The computer-based case simulation database contains thousands of possible tests and treatments. Therefore, it is not feasible to list every action that might affect an examinee's score. The following descriptions are meant to serve as examples of actions that would add to, subtract from, or have no effect on an examinee's score for this case.
An optimal, efficient approach to diagnosis would include performing an appropriate physical examination (including extremities/spine, chest/lung, cardiovascular, abdominal, skin, HEENT/neck, and lymph node examinations). A rheumatoid factor test or a cyclic citrullinated peptide antibody (Anti-CCP) test would support the diagnosis of rheumatoid arthritis. The diagnostic workup would also include a complete blood count, arthrocentesis with relevant synovial fluid studies (cell count, crystals, and bacterial culture), an antinuclear antibody assay, and an erythrocyte sedimentation rate or C-reactive protein test. These tests serve to assess the severity of the disease and consider the likelihood of SLE, gout, an infectious process, or reactive arthritis. In addition, joint x-rays would provide a baseline assessment.
In adult patients, an optimal approach to treatment would focus on relieving pain, decreasing inflammation, preventing or slowing joint damage, and improving function. It is important to manage the acute phase of the disease and to address the long-term care of the patient in this case. Optimal treatment would include a combination of a nonsteroidal anti-inflammatory drug (NSAID) or corticosteroid with a disease-modifying antirheumatic drug (DMARD) for comprehensive therapeutic treatment. Administration of a DMARD, eg, methotrexate or etanercept, prevents or slows joint damage, and improves joint function. An NSAID or corticosteroid relieves pain and decreases inflammation essential to provide interim symptom relief while the selected DMARD takes effect. To prevent deformity and loss of joint function, the patient would be advised to exercise appropriately. Or, a referral would be made for physical or occupational therapy.
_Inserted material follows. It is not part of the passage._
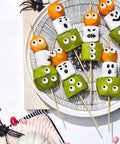 Plate of snacks with Big Edible Candy Eyeballs 10 Mm For Bold Decorating Pack Of 2 Jars 3 Oz Each Total 6 Oz arranged creatively.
In this case simulation, when NSAID or corticosteroid treatment is initiated, the patient regularly reports both joint and systemic improvements. Therefore, ordering a rheumatology consult or additional monitoring is appropriate but optional during the time frame of this simulation.
Examples of additional tests and treatments that could be ordered but would be neither useful nor harmful to the patient include:
- Chlamydia trachomatis tests
- Neisseria gonorrhoeae tests
- Antibody, anti-single-stranded DNA
- Thyroid studies
- Uric acid, serum
Examples of suboptimal management of this case would include delay in diagnosis or treatment, or treatment with NSAIDS or corticosteroids alone. Treatment with salicylates would also be considered suboptimal management in this case. Although they would temporarily relieve pain when administered in high doses, there are other agents with fewer adverse effects that would be better treatment options. Examples of poor management would include failure to order any physical examination or failure to treat rheumatoid arthritis. With the availability of effective treatment for rheumatoid arthritis and concerns about opioid addiction, narcotic analgesics should have a limited role in treatment.
Examples of invasive tests that would subject the patient to unnecessary discomfort or risk and add no useful information include:
- Synovial biopsy
While many case scenarios run for a relatively short period of simulated time, a matter of hours or days, this scenario runs for a longer period of time, weeks. This illustrates the importance of allowing sufficient time for the patient to respond to treatment and emphasizes monitoring and long-term management.